1. Preparation of input data

Website: RUB Moodle
Kurs: Case Study "Novel flexibility options in the German electricity grid" (SoSe23)
Buch: 1. Preparation of input data
Gedruckt von: Gast
Datum: Sonntag, 15. Juni 2025, 06:16

Case study description

Germany has stated to achieve climate neutrality by 2045. The electricity production thereby places a major role, as it holds a large share of the greenhouse gas emissions. Renewable technologies like solar and wind power can already produce electricity at low costs, but due to their weather dependency, they only provide electricity intermittently. This poses challenges to the grid operation, as it is more difficult to match the generation to the demand profiles. These challenges result in a need for flexibility options.

In this case study, the influence of two novel flexibility technologies on the German electricity system in 2045 are examined. The study is based on a model of the German electricity grid in 2013. After adapting the model to the target year 2045, the influence of wo different flexibility options shall be examined: hydrogen storage and elastic demand.

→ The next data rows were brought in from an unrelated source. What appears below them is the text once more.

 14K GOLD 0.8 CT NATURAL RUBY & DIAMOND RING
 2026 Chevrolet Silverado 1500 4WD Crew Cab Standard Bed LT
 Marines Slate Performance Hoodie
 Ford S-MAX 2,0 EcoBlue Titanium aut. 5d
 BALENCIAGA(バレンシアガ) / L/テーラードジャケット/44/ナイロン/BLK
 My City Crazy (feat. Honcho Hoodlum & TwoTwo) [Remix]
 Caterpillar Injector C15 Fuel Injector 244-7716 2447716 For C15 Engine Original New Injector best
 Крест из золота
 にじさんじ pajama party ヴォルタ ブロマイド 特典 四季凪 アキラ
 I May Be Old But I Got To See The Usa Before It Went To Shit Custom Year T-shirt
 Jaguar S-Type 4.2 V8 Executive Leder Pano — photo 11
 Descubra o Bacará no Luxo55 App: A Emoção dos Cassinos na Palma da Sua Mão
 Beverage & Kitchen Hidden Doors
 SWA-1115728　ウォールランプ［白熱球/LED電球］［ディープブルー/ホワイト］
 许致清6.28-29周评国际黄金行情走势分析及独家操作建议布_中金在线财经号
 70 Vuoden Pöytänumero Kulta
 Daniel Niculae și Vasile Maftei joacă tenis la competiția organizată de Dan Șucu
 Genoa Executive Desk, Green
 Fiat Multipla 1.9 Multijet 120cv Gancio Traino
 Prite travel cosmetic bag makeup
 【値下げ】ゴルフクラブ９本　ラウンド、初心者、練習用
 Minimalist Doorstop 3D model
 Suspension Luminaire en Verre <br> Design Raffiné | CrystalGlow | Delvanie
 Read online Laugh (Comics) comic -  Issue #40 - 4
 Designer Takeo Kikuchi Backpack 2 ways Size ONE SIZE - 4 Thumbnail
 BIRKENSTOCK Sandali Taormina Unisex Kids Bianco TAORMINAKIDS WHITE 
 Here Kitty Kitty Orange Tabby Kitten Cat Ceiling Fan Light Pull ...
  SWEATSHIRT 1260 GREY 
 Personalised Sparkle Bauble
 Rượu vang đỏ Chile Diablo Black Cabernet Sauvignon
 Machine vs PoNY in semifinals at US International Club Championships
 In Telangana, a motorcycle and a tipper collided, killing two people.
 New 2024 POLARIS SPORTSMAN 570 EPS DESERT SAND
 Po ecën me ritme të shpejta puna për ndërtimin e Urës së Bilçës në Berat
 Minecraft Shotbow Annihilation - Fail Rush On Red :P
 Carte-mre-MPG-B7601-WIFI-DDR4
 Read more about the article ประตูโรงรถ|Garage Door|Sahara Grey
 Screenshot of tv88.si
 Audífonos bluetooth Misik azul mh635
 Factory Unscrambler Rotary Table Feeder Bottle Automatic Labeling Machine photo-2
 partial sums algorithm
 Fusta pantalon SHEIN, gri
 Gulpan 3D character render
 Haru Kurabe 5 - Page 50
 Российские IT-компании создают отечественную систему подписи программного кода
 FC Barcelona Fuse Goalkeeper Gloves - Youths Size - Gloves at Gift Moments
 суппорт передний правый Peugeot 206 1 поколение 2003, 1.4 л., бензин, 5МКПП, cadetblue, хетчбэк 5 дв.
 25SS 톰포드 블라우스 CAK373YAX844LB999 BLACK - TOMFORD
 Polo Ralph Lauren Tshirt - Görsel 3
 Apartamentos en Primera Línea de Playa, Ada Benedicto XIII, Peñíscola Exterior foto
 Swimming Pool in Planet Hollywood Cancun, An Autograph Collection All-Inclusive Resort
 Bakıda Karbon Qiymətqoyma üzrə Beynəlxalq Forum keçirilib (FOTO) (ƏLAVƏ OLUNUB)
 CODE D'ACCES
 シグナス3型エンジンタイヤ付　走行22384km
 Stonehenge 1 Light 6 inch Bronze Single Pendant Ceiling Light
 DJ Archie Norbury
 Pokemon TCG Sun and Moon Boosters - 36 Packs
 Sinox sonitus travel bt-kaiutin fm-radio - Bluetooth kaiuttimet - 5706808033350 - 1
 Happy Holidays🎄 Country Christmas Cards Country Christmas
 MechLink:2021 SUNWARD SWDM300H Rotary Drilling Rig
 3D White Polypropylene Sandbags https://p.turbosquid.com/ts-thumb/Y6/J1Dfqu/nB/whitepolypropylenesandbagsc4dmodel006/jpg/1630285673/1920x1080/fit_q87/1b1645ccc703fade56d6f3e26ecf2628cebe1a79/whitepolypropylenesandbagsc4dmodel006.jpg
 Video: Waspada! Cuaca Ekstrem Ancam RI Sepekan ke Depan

In this case study, you shall prepare input data three different scenarios:

  1. base case
  2. hydrogen storage scenario
  3. elastic demand scenario.
You must start with preparing your data for the base case. Afterwards, you can do the other two scenarios in an order of your choice.

In the following figure, you can see the study area:

A map of Germany, divided into 8 parts named DE0 0 to DE0 7 with connections and some power plants

Base case preparation

For preparing the base case scenario, download the provided excel file “InputData_caseStudy.xlsx”. It contains a model of the German electricity grid for the year 2013. The model is in a time resolution of 6 hours, that means, every timestep t is representing 6 hours. The branch you started now, has two aims: first you shall familiarize yourself with the model. In a second step, you shall adapt the model to the target year 2045.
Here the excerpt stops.